The data ->
____________

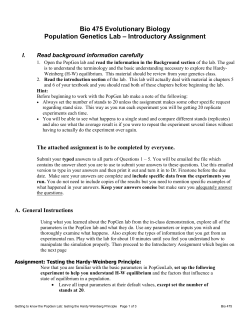 Intro to Population Genetics Lab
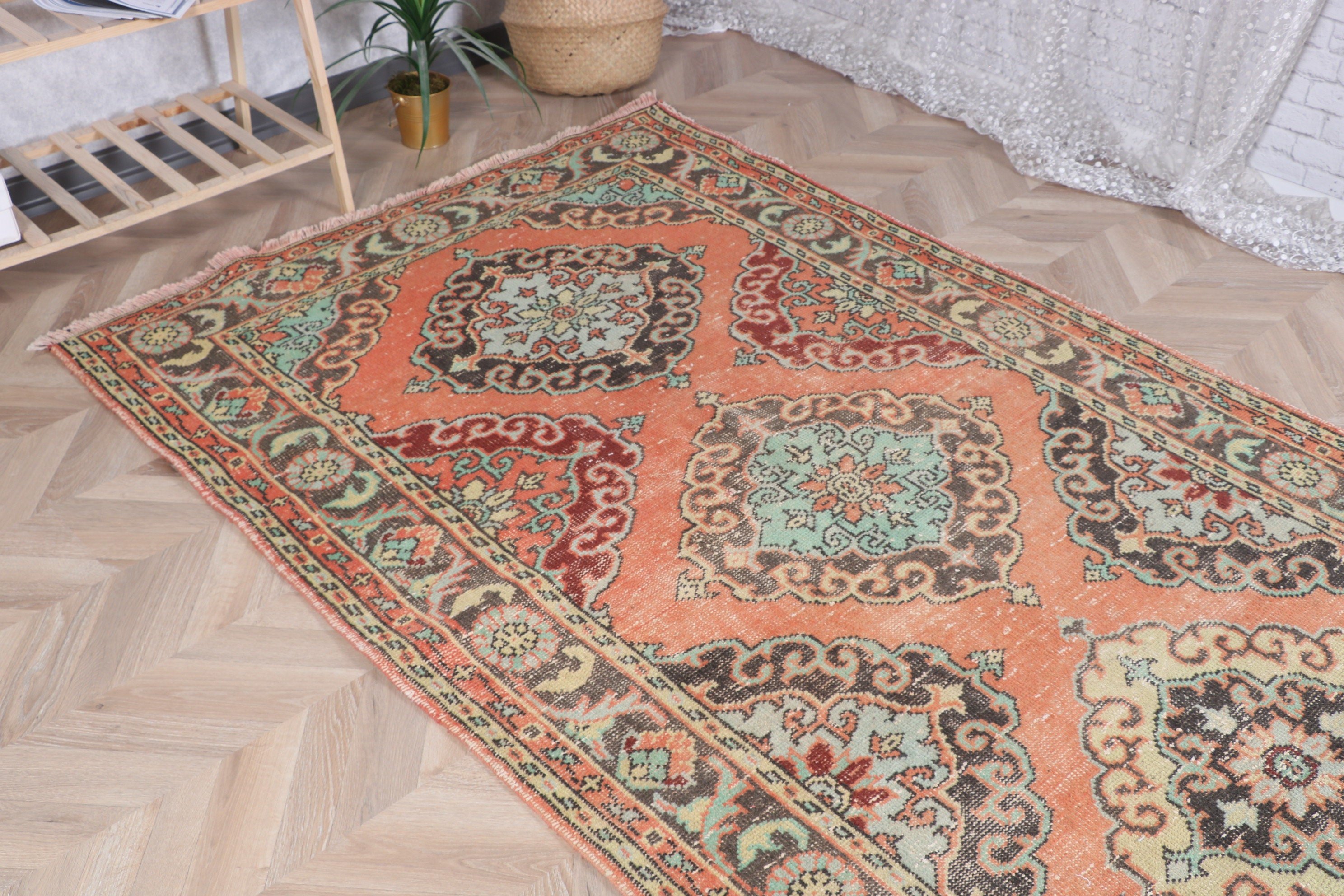 Beni Ourain Runner Halıları, Yatak Odası Halıları, Turuncu 4.5x12.2 ft Runner Halısı, Merdiven Halıları, Oushak Halısı, Türk Halısı, Vintage Halı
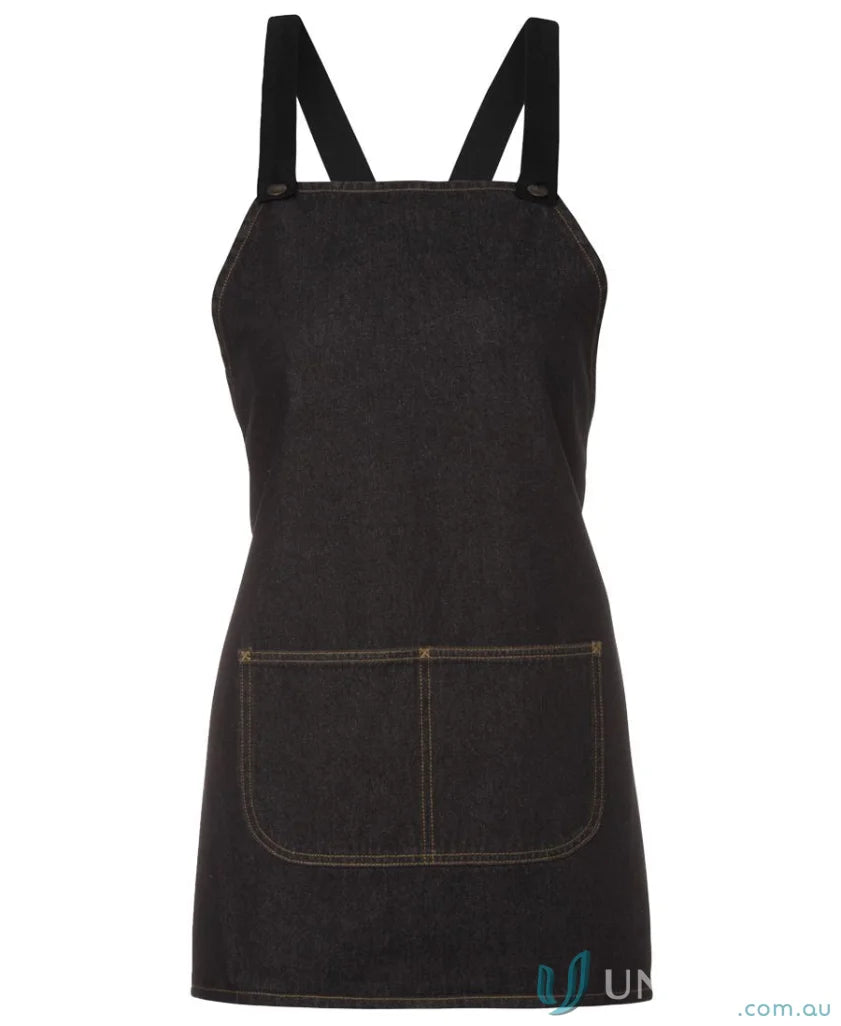Black denim apron with cross-back straps, perfect workwear and uniforms for professionals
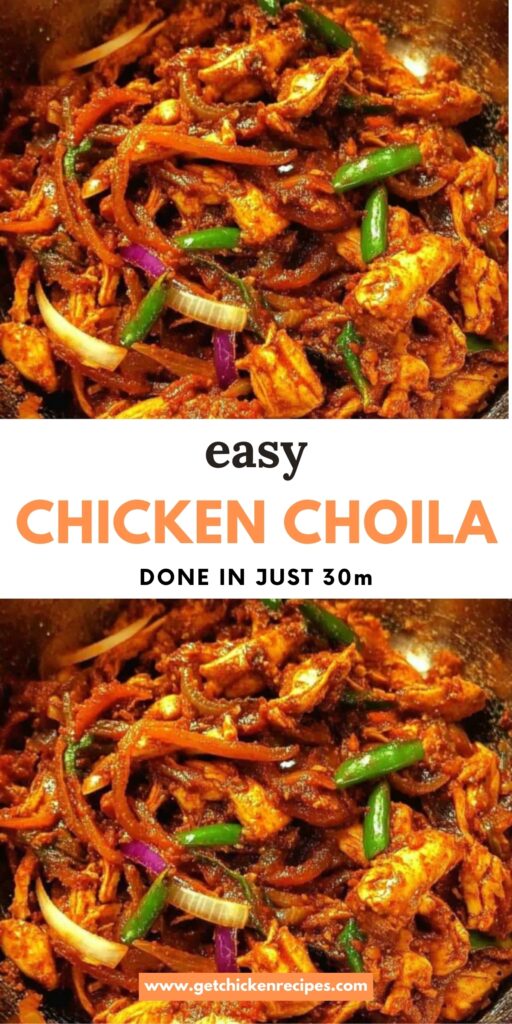 Chicken Choila Pinterest graphic showing spicy shredded chicken with green chilies and onions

____________

What is required -> Restate verbatim the lines that begin at the one holding "Black denim apron" and end at the last line of the material. Exclude pictures.

Answer space ->
Black denim apron with cross-back straps, perfect workwear and uniforms for professionals
 Chicken Choila Pinterest graphic showing spicy shredded chicken with green chilies and onions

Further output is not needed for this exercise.